• To do: Using the entries below, copy exactly each line from the line with "美联饰界哑光粉色陶瓷花瓶绳结" up to and including the line with "Green Murano glass", with every picture left out.

(Beginning of Materials provided)

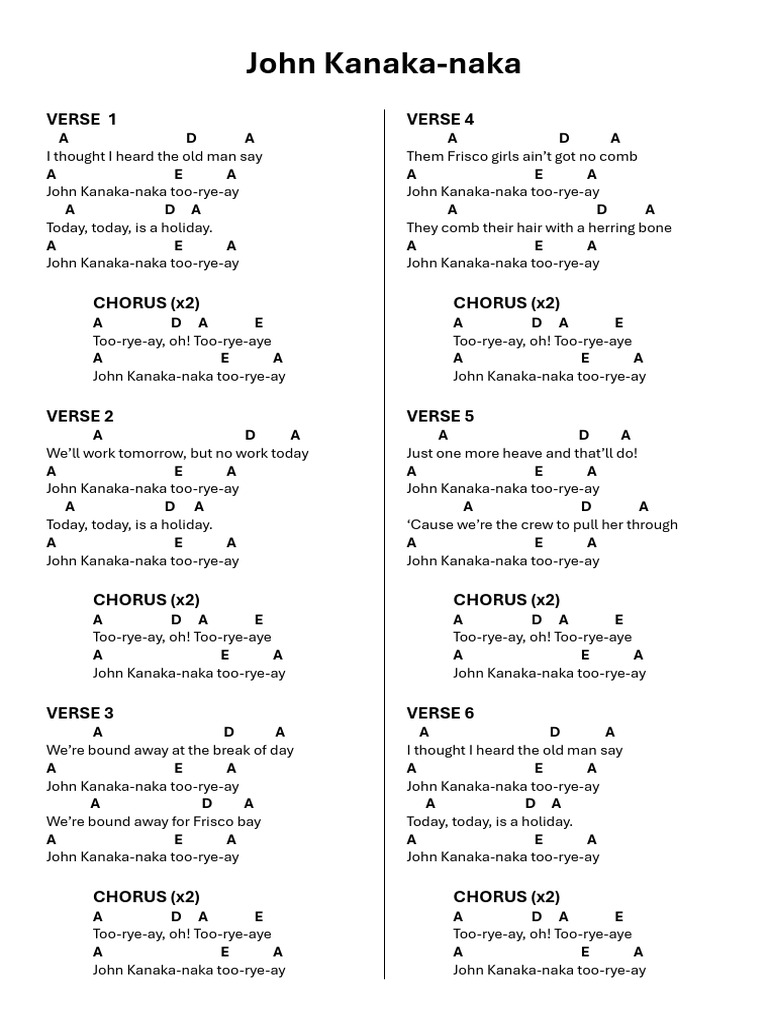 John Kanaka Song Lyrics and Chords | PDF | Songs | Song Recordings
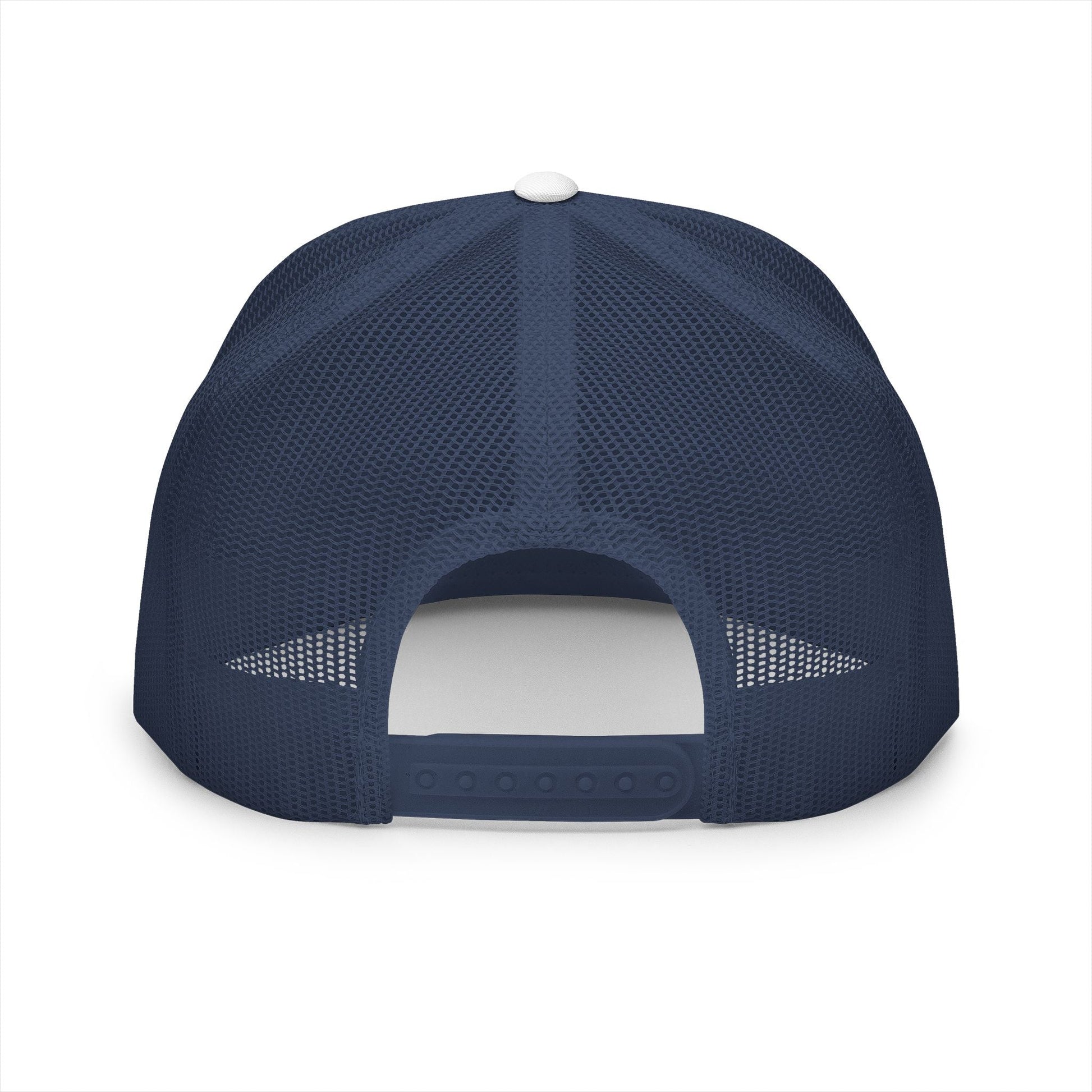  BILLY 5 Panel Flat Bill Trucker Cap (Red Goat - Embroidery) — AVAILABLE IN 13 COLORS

(End of Materials provided)
(Beginning of Materials provided)

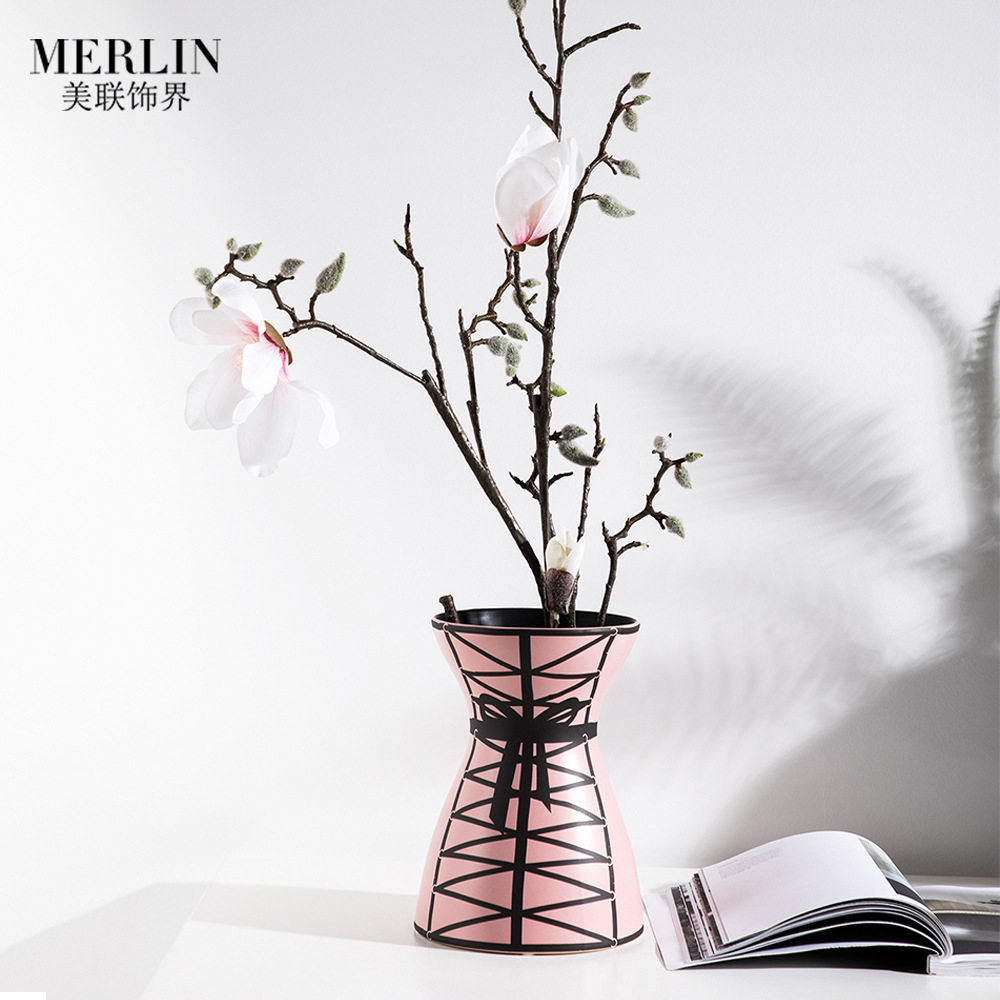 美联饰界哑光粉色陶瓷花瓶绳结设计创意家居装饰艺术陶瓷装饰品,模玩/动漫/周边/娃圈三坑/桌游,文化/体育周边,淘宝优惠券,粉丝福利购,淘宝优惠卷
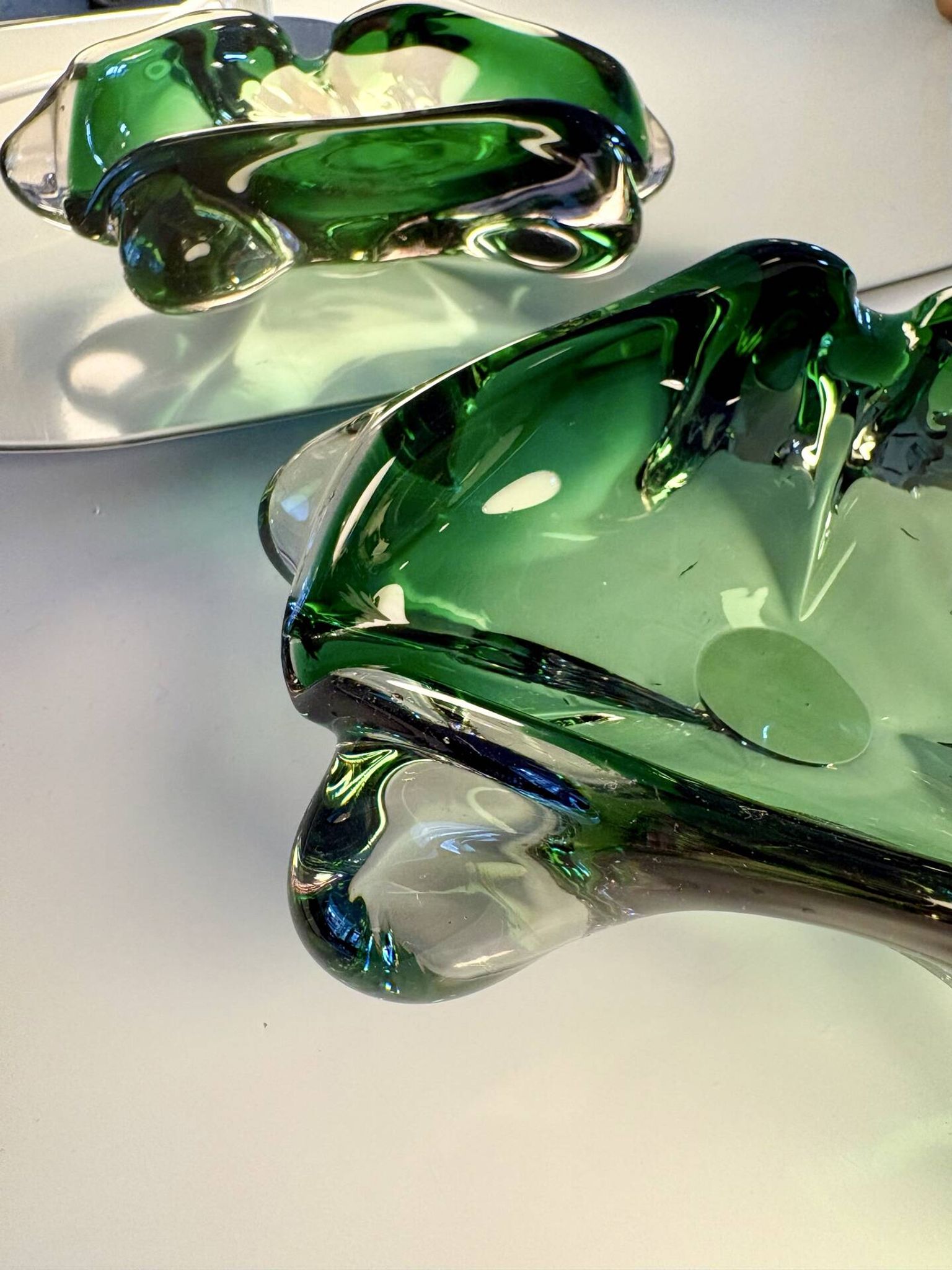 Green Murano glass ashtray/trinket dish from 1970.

(End of Materials provided)

• Your response:
 美联饰界哑光粉色陶瓷花瓶绳结设计创意家居装饰艺术陶瓷装饰品,模玩/动漫/周边/娃圈三坑/桌游,文化/体育周边,淘宝优惠券,粉丝福利购,淘宝优惠卷
 Green Murano glass ashtray/trinket dish from 1970.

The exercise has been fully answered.